Having dedicated his life to horses, Shane Rose knows what makes an elite equestrian type.
In Virgil, the Berry talent is confident he's unearthed a gold-medal winning animal.
Rose's quest for Olympic glory commences on Friday, the 48-year-old teaming up with Sydney 2000 eventing champions Andrew Hoy and Stuart Tinney.
Equestrian holds a unique place in the Olympics, the only sport athletes must manoeuvre a living creature in their quest for gold.
For Rose, that's led to a special bond with Virgil and he's determined to ensure the connection translates to a superb performance.
"You can see with Andrew Hoy and Vassily, the amazing partnership they've got," Rose said.
"I like to think Virgil and I have just as good a partnership as they have.
"When you get to this level, the horse is trying to work for you rather than against you.
"I've had Virgil for 11, maybe 12 years, he's an amazing horse.
"He's probably as good, if not better than any other horse I've had."
Eventing has changed considerably in the five years since Rose was used as a sacrificial lamb in Rio.

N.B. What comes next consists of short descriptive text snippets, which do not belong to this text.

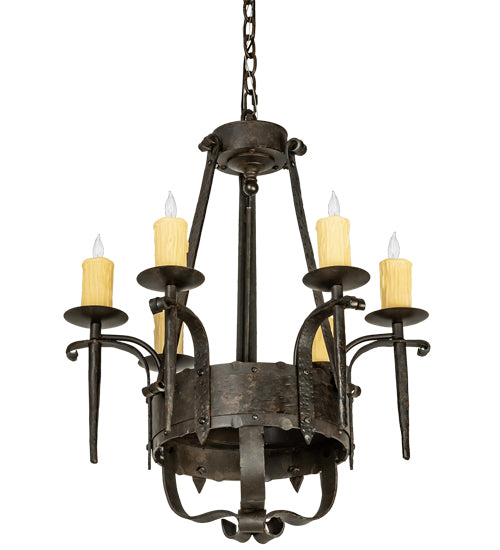 Meyda Tiffany Costello 204205 Chandelier Light - Custom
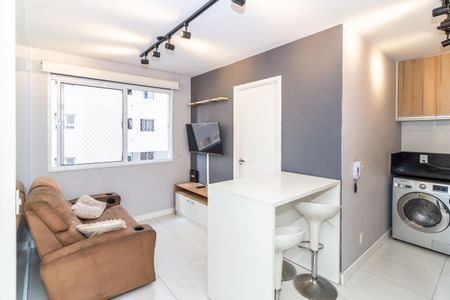 Sala de apartamento à venda com 2 quartos, 36m² em Barra Funda, São Paulo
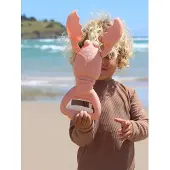 Sunnylife Lobster Sand Scoop Coral Coral-One Size Beige One Size Pojat, Tytöt
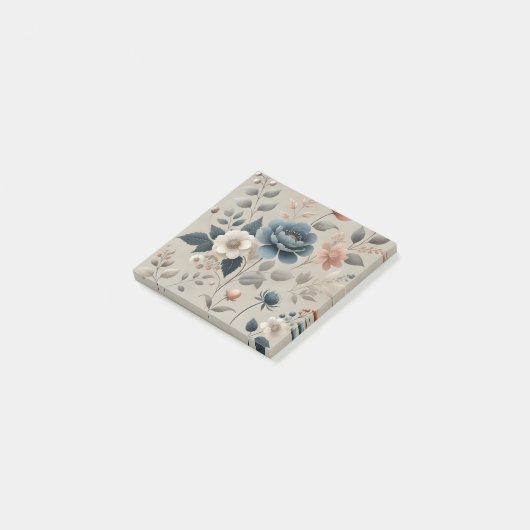 Waterverf Floral Spring & Summer Design Post-it® Notes (Schuin)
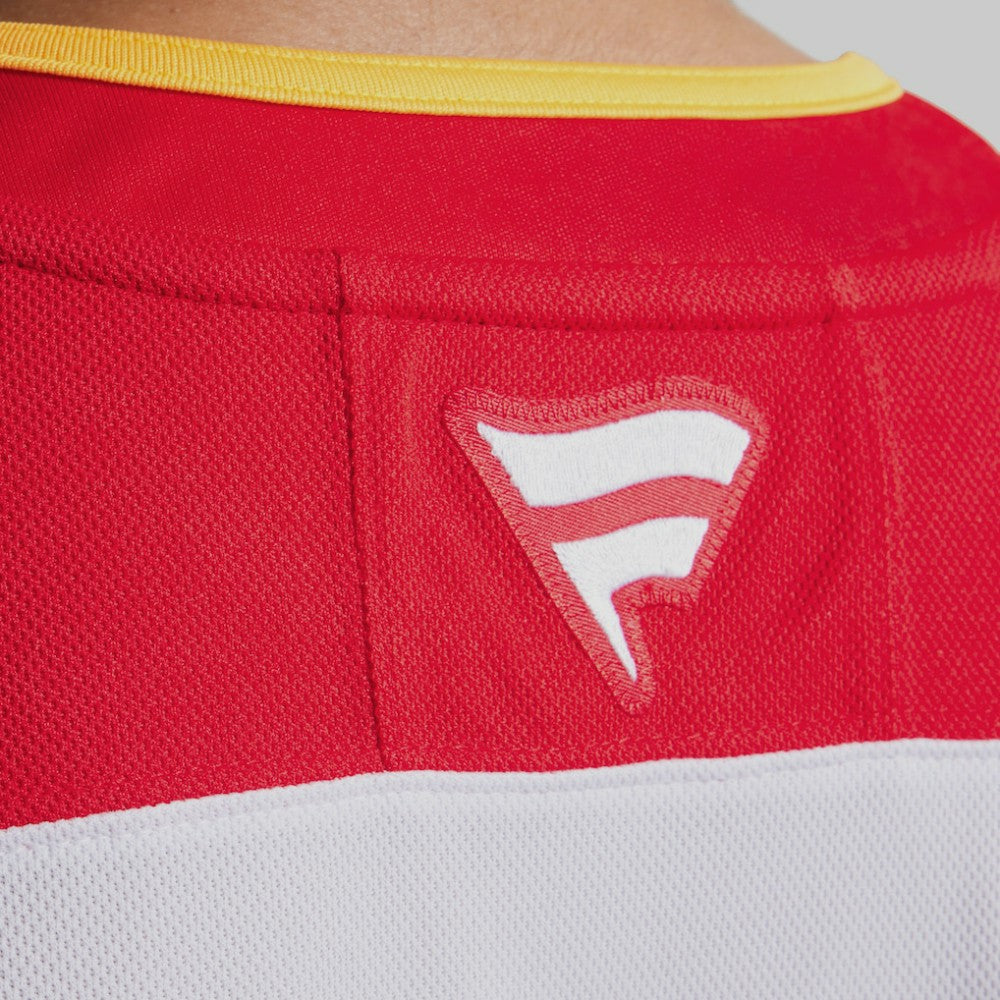 Calgary Flames Fanatics Away Premium Jersey - White | Fanatics Lifestyle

On that occasion, he was told to go as hard as he could in the cross-country round to put Australia in line for gold.
The ploy backfired, his horse CP Qualified unable to complete the course, leaving Rose to watch from the sidelines during the jumping round as his Australian teammates held on for bronze.
The format has changed in Tokyo, taking such moves out of the equation.
Instead of entering a team of four and only the top three scores counting, countries start with three competitors this year.
As a result, the margin for error is slim.
"We went into Rio as a team and I was given instructions to do a role," Rose said. "I tried my best but it didn't come off as planned.
"It's a very different format this time, with only three scores and and all scores counting, team tactics will be very different to Rio.
"It will be very much more about completing and being consistent and competitive at the elite level.
"We've got three consistent horses and riders, if we can all finish on a good score, we'll be able to give the gold medal a real shake up."
The eventing competition is a gruelling test across four days that challenges both horse and human.
The event starts with dressage on Friday and Saturday before cross country on Sunday.
The team competition concludes with Monday's jumping, before a second jumping round to determine the individual medalists.
With a pair of Olympic champions by his side, Rose is confident the team will safely navigate the three rounds.
Should they do so, the Australians will be in the mix for gold.
"None of us are young, we've got a lot of experience and know what's required to win the competition," Rose said.
"You've got to complete and complete well.
"The horse I've got is in career-best form, I'm riding as well as ever.
"I'm looking forward to this challenge and doing as best I can for my teammates and my country."